In order to enable the tagger to work with Romanian data, all elements specific to English that had been hard-coded had to be removed. This mainly concerned the inbuilt morphologic component that would deal with unknown words, ie those that were not contained in the lexicon. All other information is contained in external resource files which are not specific to a language with regards to their format.
A separate issue concerns dealing with non-ASCII characters. The way
which was chosen for those was to use their SGML entity names, a
literal description enclosed in an ampersand and a semicolon, eg
ä. As the input data for tagger is supposed to be
tokenised (ie tokens separated by white spaces) the impact of an
extended character on segmentation was not considered.

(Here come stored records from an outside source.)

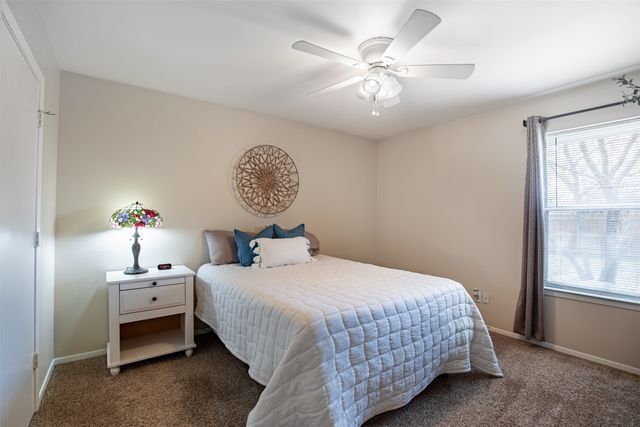 214 E 4th Street, Anna, TX 75409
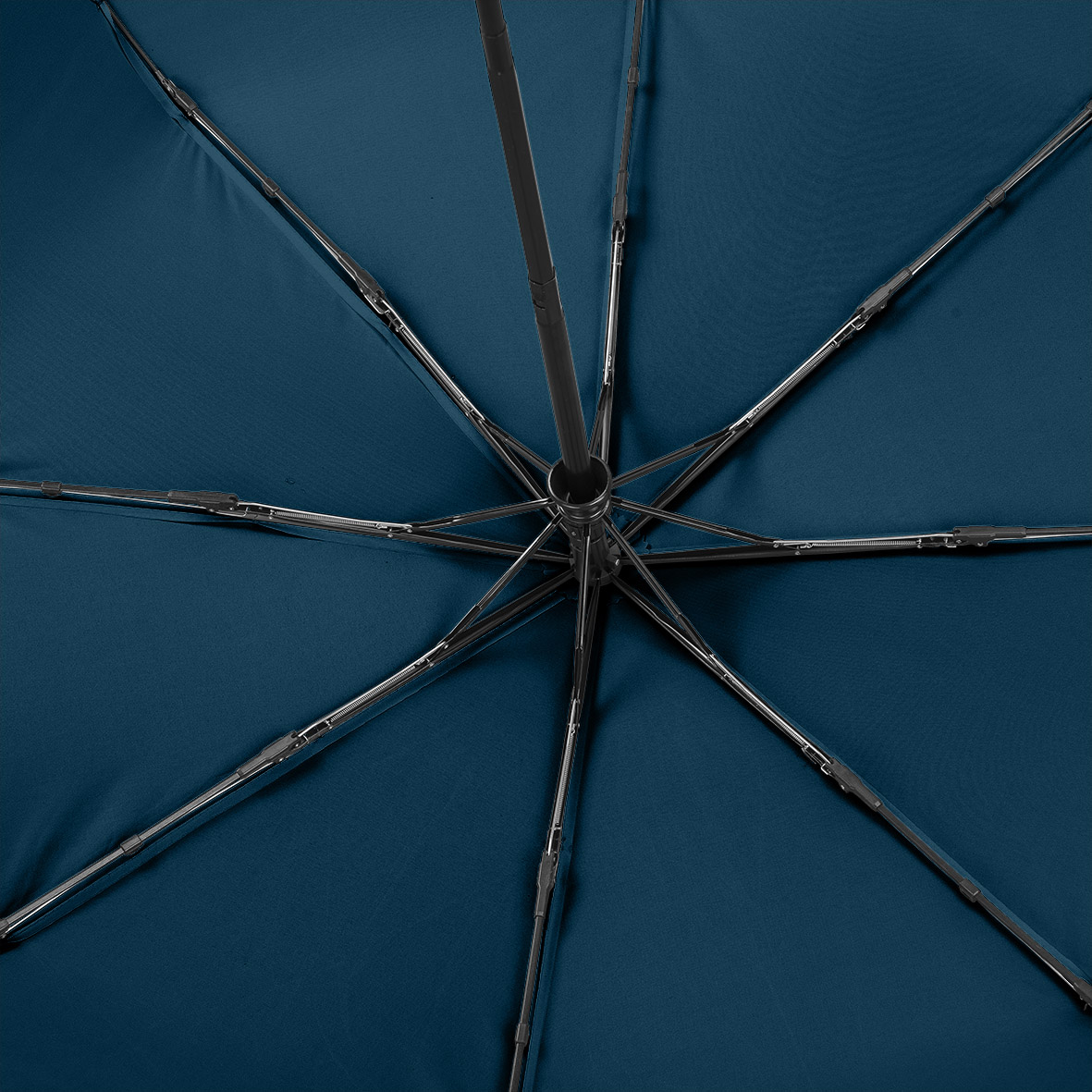 Taschenschirm SMOOTH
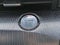 2022 Ford Mustang Mach-E GT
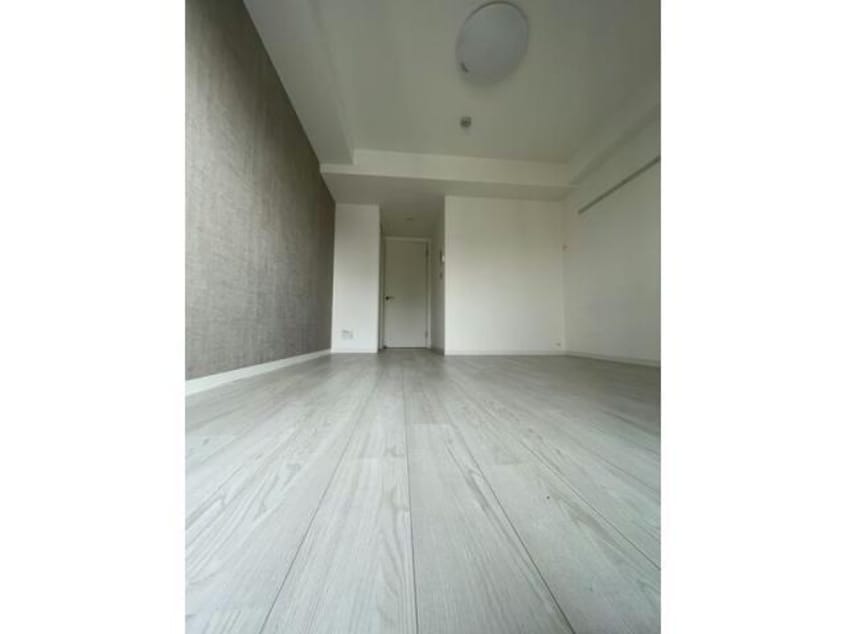  名古屋市営地下鉄桜通線/高岳駅 徒歩4分 2階 築2年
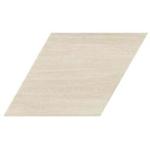 Diamond Timber Maple Gres 70x40 w sklepie internetowym dekordia.pl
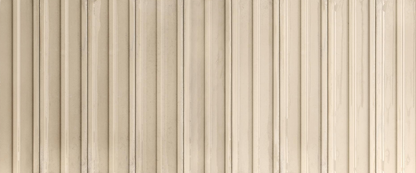 ES Brick Deco Arco 3D Sabbia Glossy Subway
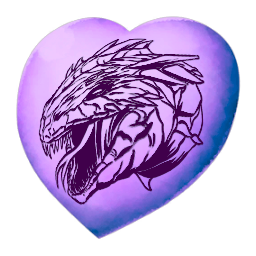 Chibi-Ghost Basilisk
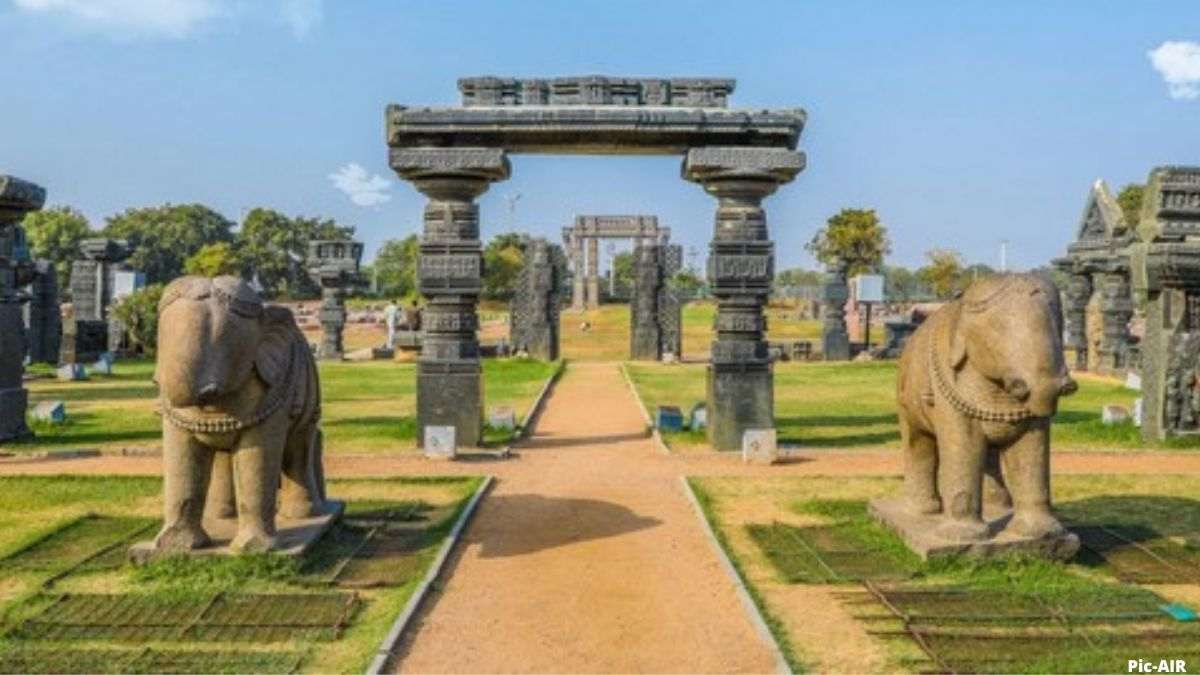 UNESCO GNLC list: भारत के तीन शहर यूनेस्को ग्लोबल नेटवर्क ऑफ लर्निंग सिटीज में शामिल, देखें यहाँ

To increase the flexibility of the tagger for future uses with further languages the internal lexicon and context information were taken out of the processing core and the tagger was re-implemented following a client-server model: the client requests all necessary data from the server through a special protocol, and this allows to switch to a different tagset (ie a different language) easily.
The hard-coded morphology was replaced by another resource, a list of the final three letters of all words from the lexicon with their respective tag probabilities. This mechanism seems sufficiently general to yield good results even in languages with a rather complex morphology at little cost.
As the tagging program had to be changed anyway, it was re-implemented in Java, in order to allow the client to run on different machines more easily. The server component is still written in C. The total size of the three relevant (executable) byte-code files is less than ten kilobytes.
Furthermore, since the tagger is implemented as a class, it can easily be used as a module in other linguistic applications.